● TASK GOAL
Give back the whole listing verbatim, printing none of its pictures.

● DATA FOR PROCESSING
%%

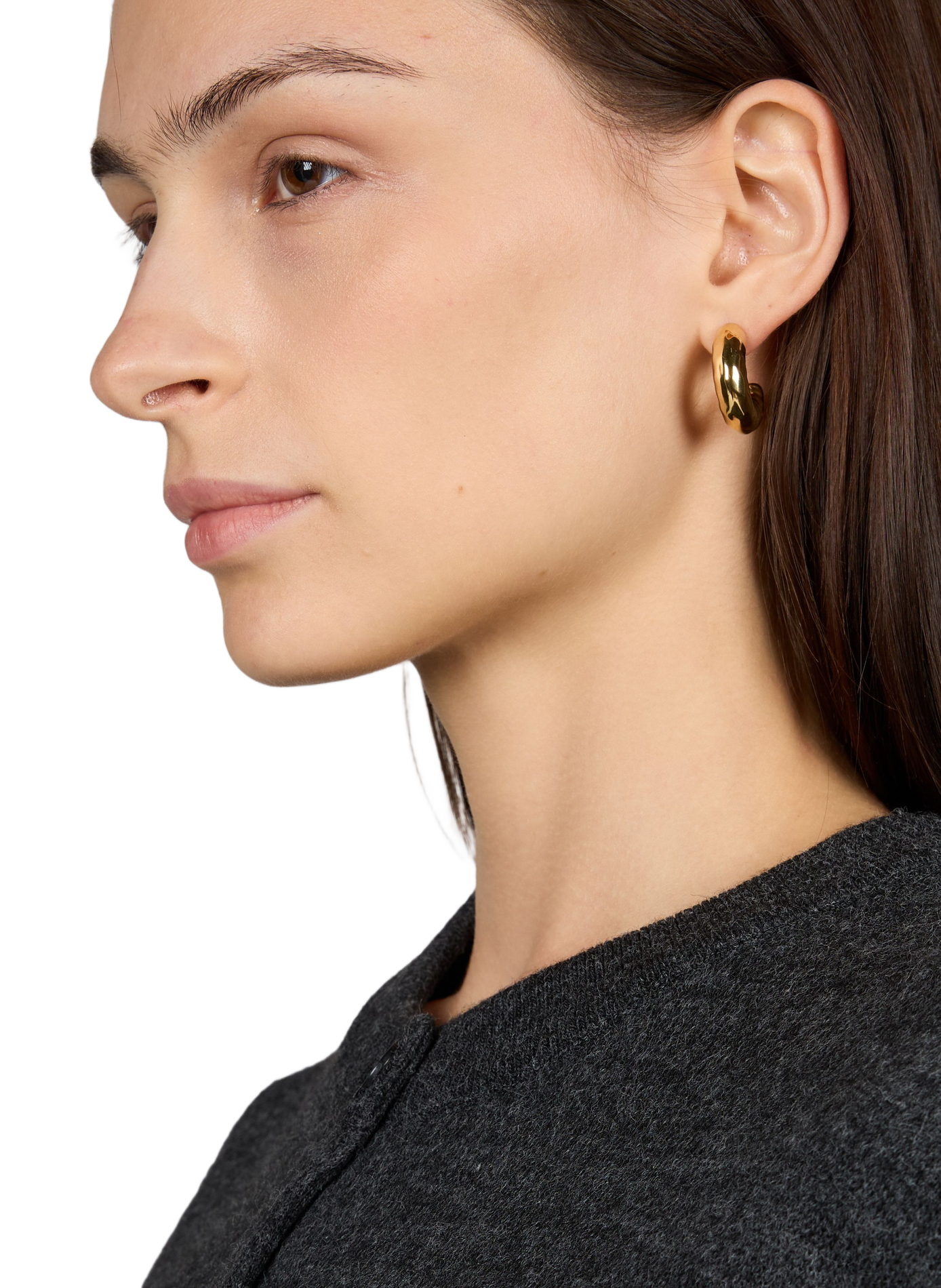 Boucles d'oreilles demi-cercles  | Doré AU PRINTEMPS PARIS Femme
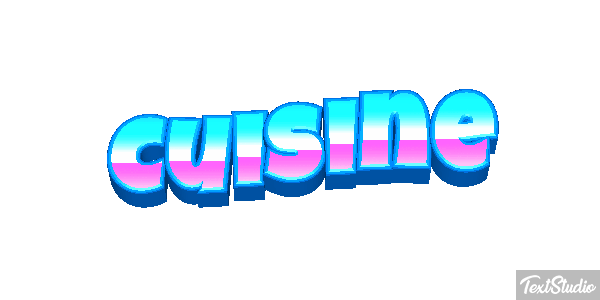 Cuisine Text effect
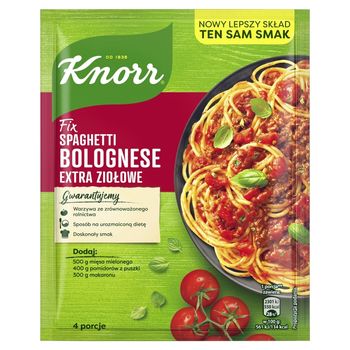 Knorr Fix spaghetti bolognese extra ziołowe 42 g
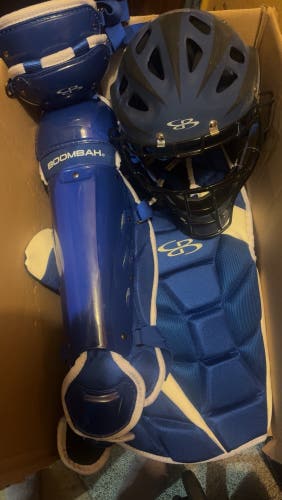 Blue Boombah Catcher's Set (New)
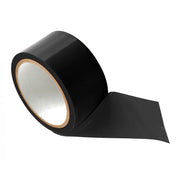 Black PVC bondage tape, 20m length, non-sticky.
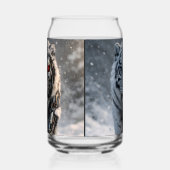 Witte tijger glas kan sciencefiction dier kunst (Links)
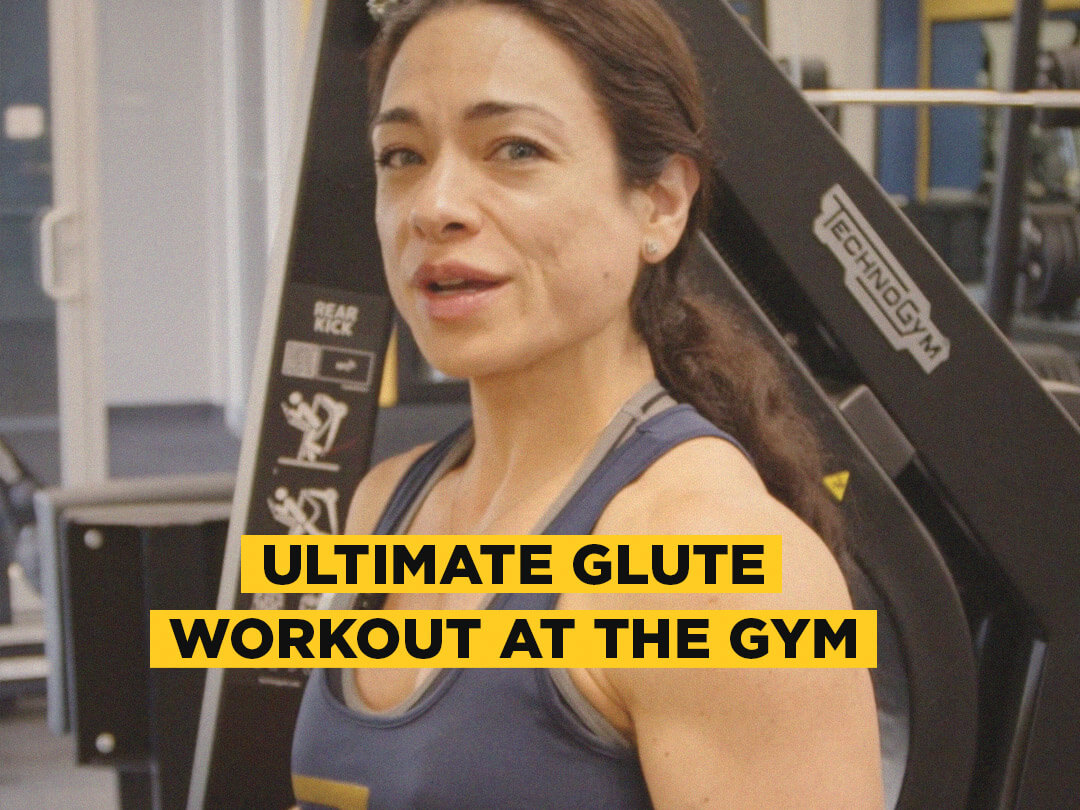 Personal trainer at gym talking ultimate glute workout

%%

● OUTPUT FOR THIS TASK
 Boucles d'oreilles demi-cercles  | Doré AU PRINTEMPS PARIS Femme
 Cuisine Text effect
 Knorr Fix spaghetti bolognese extra ziołowe 42 g
 Blue Boombah Catcher's Set (New)
 Black PVC bondage tape, 20m length, non-sticky.
 Witte tijger glas kan sciencefiction dier kunst (Links)
 Personal trainer at gym talking ultimate glute workout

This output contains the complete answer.